VMware
- Fusion-io Scsi & Raid Devices Driver Download 64-bit
- Fusion-io Scsi & Raid Devices Driver Downloads
- Scsi Disk Device
Scsi-iomemory-vsl 4.2.1.1137-1OEM.550.0.0.1198610 Fusion-io 2. Run the following steps to load the module: # esxcfg-module -d iomemry-vsl (this is the name of the iomemory from the vib list). Fusion-io - has moved into the hybrid arrays iSCSI market Pure Storage - says it has a mission to undercut the price of hard drive arrays Skyera - offers one of the lowest price points ($ per terabyte) in the industry (but not the lowest entry level floor price) Stec - their first systems level product is an iSCSI rack.

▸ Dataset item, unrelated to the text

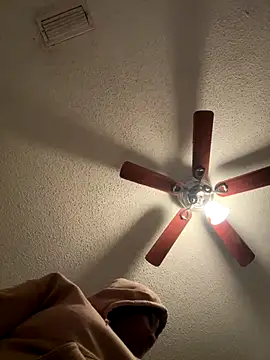 luvluvbubblesxo online show from 12-14-25, 12:05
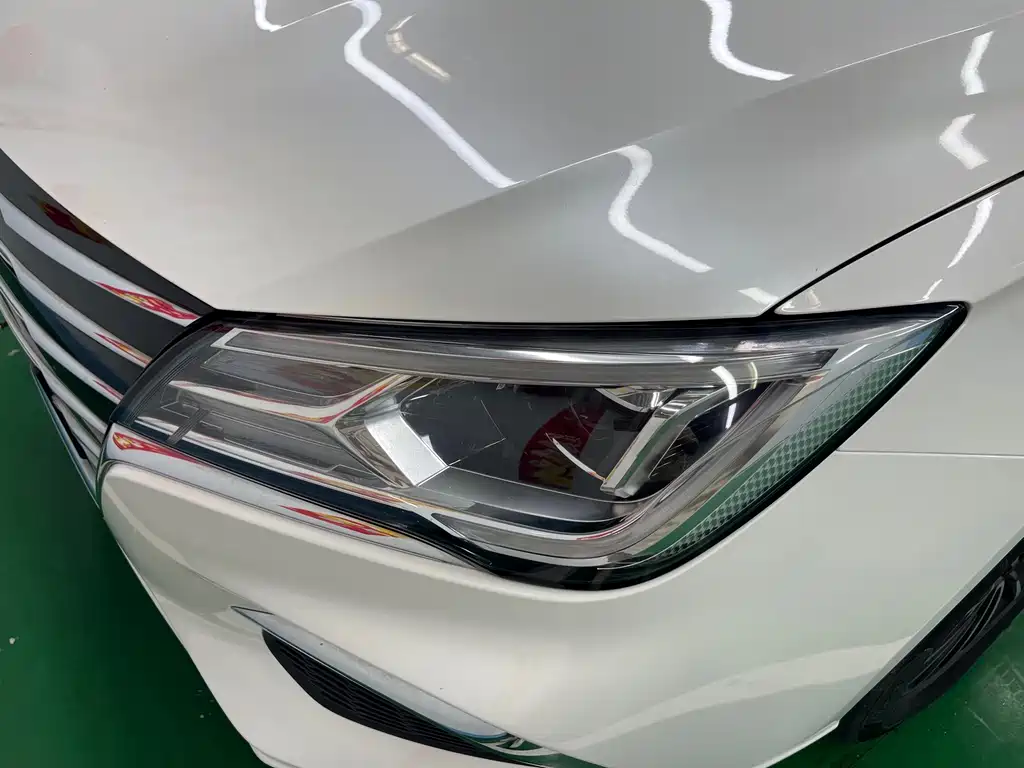 Roewe Ei5 — фото 27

Today, more and more workloads are running in virtual machines (VMs), including workloads that require significantly more IO in the guest operating system. In a VM on VMware vSphere, all virtual disks (VMDKs) are attached to the LSI Logical SAS SCSI Adapter in the default configuration. This adapter is recognized by all operating systems without installing additional drivers, but does not always provide the best performance, especially when an SSD RAID or NVMe Storage is used. In this article we have compared the virtual storage controllers LSI Logical SAS, VMware Paravirtual and the NVMe Controller.
- 3Performance Comparison
Controller models
The standard controller in almost every VM is the LSI Logical SAS SCSI controller. This controller is recognized and supported by every guest operating system without additional drivers. It is suitable for almost any workload that does not have large I/O requirements. It is also necessary for the configuration of Microsoft Server Cluster Service (MSCS).
Starting with ESXi 4.0 and virtual hardware version 7, the VMware Paravirtual controller is available. This controller was developed for high performance storage systems, because it can handle much higher I/O and reduces the CPU load. In order for the controller to be used by the guest operating system, the VMware Tools must be installed.
Starting with ESXi 6.5 and virtual hardware version 13, an NVMe controller can also be added to the VM. This controller further optimizes the performance of SSD RAIDs, NVMe and PMEM storage. This Controller is the default Controller for Windows VMs in vSphere 7.0.
The choice of the right controller depends on the applications within the VM. For example, if it is an office VM, relatively little performance is required and the standard LSI Logical SAS SCSI controller can be used. If more storage performance is required within the VM and the storage system behind it also offers more performance, the VMware Paravirtual Controller is usually more suitable. For absolute high end performance when using an SSD RAID, NVMe or PMEM storage and very high performance requirements within the VM, the NVMe controller is the best choice.
Performance test
We have conducted various performance tests for different scenarios. The test scenarios are only examples, the individual values should be adjusted individually to the own workload to achieve realistic results. Details of the test system used:
Hardware / Software:
- Supermicro Mainboard X11DPi-NT
- 2x Intel Xeon Gold 5222 (3.80GHz, 4-Core, 16.5MB)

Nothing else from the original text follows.